Implementing the serial port collection then, would be VERY easy:

   1:  [ConfigurationCollection(typeof(SerialPortConfigurationElement), AddItemName = "SerialPort", CollectionType = ConfigurationElementCollectionType.BasicMap)]
   2:  class SerialPortConfigurationElementCollection : ChildlessConfigurationElementCollection<SerialPortConfigurationElement>
   3:  {
   4:      protected override object GetElementKey(ConfigurationElement element)
   5:      {
   6:          return ((SerialPortConfigurationElement)element).PortName;
   7:      }
   8:  }

However, aside from the fact that they have the same "programmer functionality," there's not much motivating me to do anything else.

Hopefully, as you're looking at these two examples, you're saying "that doesn't look correct."  From an object model perspective, it doesn't make much sense, even in the abstract world (away from objects), to have even a concept of a "Childless Configuration Element Collection."  What does it mean, anyway?  Would it make sense for me to cast a configuration property object to a ChildlessConfigurationElementCollection of T?  I... don't think so.

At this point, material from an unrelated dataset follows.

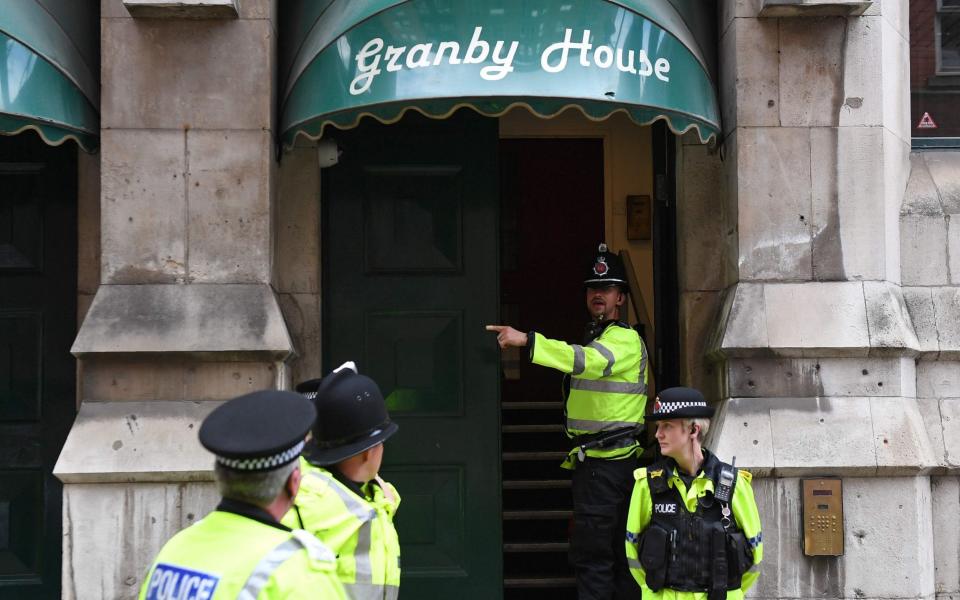 Police outside Granby House near Manchester Piccadilly station - Credit: CHRIS J RATCLIFFE/AFP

I've been reading Code Complete 2nd Ed. lately.  I can't remember whether I've blogged about my respect for Steve McConnell before, but this guy is simply an amazing contributor to our craft.  In it, he talks at length about a software quality attribute that we'd never really discussed in school: cohesion.

The Wikipedia article gives it a great treatment, so I won't really delve into the depths of what cohesion means and how it can be measured (buy the book!).  As I look at this type of code, though, I can only see some kind of cross between procedural and logical cohesion - not exactly excellent in the scale.  The real bottom line is that these all operate on different data - how are we to treat them the same?

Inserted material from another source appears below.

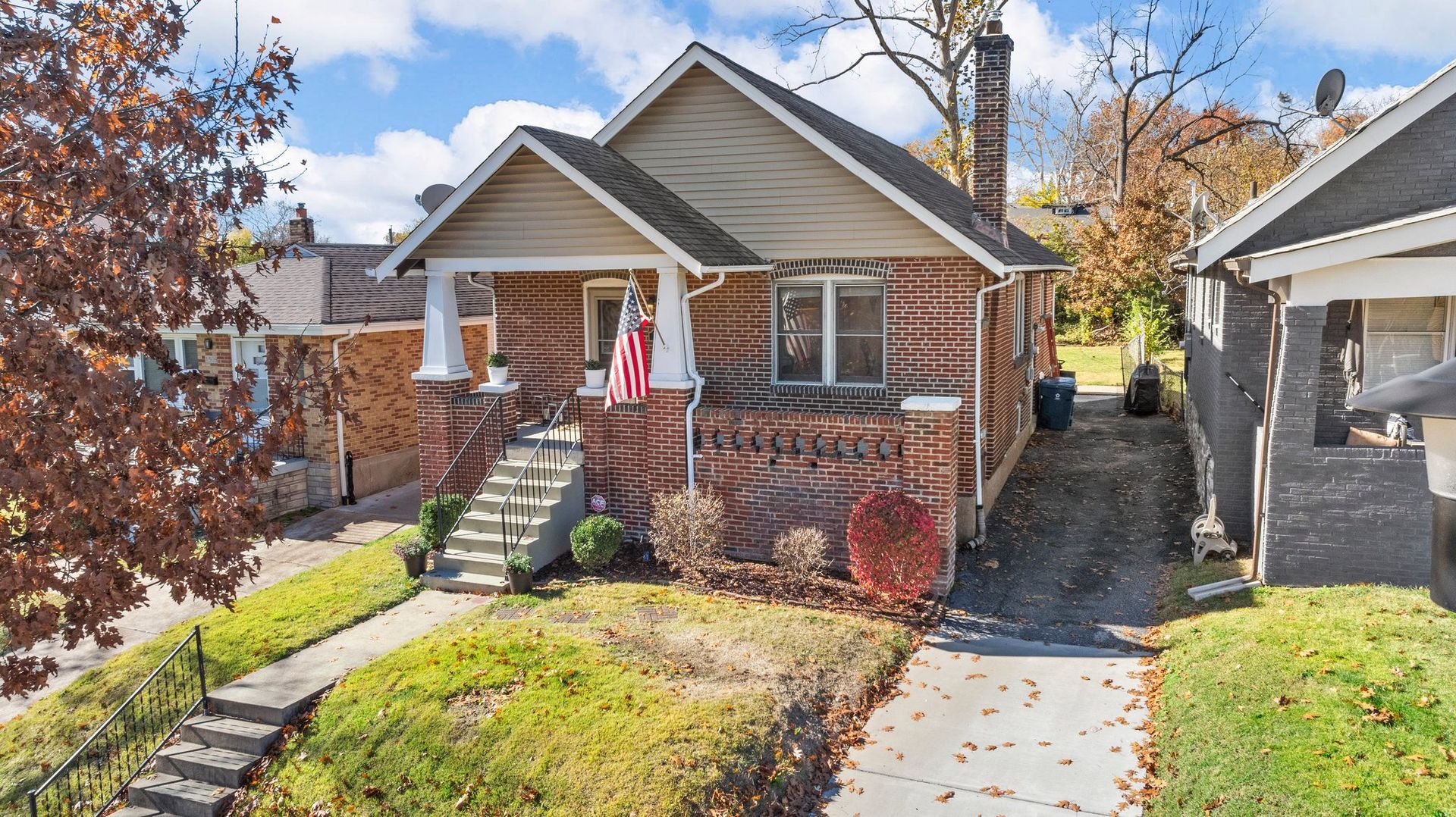 An aerial view of a house with a flag on the front porch.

Incidentally, the way that C++ implements templates (not C++/CLI generics) would make this not be so terrible.  I could define this template class and it would actually generate the C++ code (Java actually would do this in an adequate way, as well).  Because the code is generated at compile-time, I don't need to expose the metadata about the template class, and so I'm saved in that regard.  Unfortunately, if I were to define this class in C# and need to access it in an external assembly, I'd need to mark the base class as public, and so everything else in the world can inherit from or create references to variables of type ChildlessConfigurationElementCollection<T>.  It doesn't make sense to have this type exposed; it only makes sense at the higher level. 

So I am left with the decision: do I duplicate code or expose bad, incomplete objects to the world?  I'll duplicate code, thank you very much.